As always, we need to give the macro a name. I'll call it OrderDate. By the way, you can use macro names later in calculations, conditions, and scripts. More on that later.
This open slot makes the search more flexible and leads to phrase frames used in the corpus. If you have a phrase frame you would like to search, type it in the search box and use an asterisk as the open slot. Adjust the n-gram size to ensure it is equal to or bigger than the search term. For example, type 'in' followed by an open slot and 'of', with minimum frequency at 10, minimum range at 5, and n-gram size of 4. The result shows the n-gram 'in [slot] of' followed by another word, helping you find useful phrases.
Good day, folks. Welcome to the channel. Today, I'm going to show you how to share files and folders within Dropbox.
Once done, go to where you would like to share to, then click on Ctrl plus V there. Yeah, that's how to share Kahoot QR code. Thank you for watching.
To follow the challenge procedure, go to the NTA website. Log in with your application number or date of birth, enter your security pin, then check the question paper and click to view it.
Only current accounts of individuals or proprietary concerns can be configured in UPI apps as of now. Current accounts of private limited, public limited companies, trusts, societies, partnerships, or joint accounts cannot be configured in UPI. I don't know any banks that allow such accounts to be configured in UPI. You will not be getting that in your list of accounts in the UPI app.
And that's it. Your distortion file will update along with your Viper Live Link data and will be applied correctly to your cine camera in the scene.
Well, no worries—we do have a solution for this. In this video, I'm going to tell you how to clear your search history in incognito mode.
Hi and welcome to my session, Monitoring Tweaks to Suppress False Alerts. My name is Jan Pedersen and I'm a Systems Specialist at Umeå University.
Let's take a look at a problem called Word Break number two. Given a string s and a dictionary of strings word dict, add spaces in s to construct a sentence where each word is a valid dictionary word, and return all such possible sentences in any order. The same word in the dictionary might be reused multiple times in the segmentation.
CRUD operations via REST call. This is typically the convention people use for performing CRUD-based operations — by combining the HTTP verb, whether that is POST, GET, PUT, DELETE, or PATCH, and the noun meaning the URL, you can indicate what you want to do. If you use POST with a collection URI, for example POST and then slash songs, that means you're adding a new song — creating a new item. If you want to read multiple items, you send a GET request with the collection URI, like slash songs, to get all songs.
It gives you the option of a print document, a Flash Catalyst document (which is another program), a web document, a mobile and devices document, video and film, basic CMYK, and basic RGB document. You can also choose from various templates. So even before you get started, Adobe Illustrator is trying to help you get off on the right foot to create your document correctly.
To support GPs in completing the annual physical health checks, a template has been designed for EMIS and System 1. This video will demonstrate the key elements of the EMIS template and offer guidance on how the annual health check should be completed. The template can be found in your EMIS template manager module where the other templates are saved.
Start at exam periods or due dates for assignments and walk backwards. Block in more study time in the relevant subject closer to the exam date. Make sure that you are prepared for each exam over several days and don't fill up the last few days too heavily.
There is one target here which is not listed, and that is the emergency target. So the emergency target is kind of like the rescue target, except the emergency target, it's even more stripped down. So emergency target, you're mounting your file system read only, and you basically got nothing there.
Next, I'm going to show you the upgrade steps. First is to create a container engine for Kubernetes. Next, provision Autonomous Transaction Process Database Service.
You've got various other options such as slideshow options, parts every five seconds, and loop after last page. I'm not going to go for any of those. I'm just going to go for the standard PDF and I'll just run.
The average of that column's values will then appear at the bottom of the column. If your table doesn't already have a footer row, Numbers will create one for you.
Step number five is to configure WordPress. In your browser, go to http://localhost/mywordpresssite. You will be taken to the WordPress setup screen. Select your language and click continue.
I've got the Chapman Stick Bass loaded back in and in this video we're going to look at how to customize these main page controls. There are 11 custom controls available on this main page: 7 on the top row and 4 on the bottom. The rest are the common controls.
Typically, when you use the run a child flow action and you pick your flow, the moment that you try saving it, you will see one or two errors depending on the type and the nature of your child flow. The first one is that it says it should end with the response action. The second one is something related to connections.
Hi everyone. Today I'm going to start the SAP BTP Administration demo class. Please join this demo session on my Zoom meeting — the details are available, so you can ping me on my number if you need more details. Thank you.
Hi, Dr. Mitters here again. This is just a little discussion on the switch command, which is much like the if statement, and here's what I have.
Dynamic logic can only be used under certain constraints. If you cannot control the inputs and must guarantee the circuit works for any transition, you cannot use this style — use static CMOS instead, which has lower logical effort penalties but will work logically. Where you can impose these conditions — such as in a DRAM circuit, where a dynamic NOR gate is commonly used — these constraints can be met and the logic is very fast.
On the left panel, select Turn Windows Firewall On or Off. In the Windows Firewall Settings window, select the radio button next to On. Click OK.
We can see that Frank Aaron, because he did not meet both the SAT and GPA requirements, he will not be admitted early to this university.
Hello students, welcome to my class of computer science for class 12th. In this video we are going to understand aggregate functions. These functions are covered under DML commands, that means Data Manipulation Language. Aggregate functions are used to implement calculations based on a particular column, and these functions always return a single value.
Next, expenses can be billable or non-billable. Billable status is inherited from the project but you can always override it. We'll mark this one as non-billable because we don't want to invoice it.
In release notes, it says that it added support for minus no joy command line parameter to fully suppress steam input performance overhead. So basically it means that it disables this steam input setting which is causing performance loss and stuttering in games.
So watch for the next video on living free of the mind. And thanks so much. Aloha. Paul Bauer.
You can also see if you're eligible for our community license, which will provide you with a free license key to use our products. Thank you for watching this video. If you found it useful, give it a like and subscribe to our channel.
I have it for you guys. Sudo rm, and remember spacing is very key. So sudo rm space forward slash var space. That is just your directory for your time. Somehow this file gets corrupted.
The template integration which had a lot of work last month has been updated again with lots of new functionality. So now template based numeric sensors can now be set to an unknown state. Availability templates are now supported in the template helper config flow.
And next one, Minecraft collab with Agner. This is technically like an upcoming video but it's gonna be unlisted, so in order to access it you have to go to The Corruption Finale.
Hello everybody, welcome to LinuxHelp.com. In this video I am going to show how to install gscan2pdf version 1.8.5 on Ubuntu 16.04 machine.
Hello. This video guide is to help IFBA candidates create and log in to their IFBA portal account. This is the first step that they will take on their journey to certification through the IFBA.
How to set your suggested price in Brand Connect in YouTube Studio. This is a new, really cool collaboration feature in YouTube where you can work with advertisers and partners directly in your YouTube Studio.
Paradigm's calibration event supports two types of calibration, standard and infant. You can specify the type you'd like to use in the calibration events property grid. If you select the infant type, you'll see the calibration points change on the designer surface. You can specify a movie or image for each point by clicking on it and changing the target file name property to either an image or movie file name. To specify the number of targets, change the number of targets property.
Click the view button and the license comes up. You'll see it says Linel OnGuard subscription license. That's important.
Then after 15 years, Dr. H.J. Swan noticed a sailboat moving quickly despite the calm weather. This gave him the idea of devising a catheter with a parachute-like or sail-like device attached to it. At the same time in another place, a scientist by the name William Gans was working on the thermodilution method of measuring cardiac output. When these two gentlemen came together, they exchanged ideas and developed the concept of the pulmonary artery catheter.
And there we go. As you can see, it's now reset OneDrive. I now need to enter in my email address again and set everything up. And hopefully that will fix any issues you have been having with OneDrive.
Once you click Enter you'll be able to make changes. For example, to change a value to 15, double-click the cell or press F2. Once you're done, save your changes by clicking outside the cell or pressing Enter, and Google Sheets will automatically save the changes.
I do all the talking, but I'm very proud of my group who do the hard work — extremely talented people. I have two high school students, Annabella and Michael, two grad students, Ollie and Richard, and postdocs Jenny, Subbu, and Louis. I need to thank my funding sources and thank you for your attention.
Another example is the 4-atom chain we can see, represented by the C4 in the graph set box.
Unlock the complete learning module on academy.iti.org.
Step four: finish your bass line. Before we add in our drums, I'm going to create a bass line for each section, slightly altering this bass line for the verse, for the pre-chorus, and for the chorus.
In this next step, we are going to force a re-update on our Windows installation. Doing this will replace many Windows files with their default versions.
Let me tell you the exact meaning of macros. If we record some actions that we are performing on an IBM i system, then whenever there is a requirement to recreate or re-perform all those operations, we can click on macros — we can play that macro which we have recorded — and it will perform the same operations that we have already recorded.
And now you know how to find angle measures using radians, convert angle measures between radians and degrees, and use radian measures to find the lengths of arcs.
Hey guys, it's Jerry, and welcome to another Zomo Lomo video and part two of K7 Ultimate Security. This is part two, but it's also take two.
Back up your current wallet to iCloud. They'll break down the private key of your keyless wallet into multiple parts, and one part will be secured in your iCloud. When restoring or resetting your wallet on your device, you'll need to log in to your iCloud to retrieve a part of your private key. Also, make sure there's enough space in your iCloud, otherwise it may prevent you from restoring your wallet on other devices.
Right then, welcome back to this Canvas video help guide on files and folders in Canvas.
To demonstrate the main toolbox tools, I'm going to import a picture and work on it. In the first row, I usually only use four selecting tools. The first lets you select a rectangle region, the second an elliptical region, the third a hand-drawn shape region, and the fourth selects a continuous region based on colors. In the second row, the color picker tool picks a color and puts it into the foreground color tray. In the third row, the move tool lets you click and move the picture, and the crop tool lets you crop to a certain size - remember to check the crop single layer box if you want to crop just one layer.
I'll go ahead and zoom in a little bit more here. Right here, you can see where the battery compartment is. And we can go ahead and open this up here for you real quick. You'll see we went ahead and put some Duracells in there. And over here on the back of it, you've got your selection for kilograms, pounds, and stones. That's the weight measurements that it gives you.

__Task__:
Could you return exactly the lines above from the line with "Back up your" to the line with "Right then, welcome", both included, and nothing else?

__Solution to this problem__:
Back up your current wallet to iCloud. They'll break down the private key of your keyless wallet into multiple parts, and one part will be secured in your iCloud. When restoring or resetting your wallet on your device, you'll need to log in to your iCloud to retrieve a part of your private key. Also, make sure there's enough space in your iCloud, otherwise it may prevent you from restoring your wallet on other devices.
Right then, welcome back to this Canvas video help guide on files and folders in Canvas.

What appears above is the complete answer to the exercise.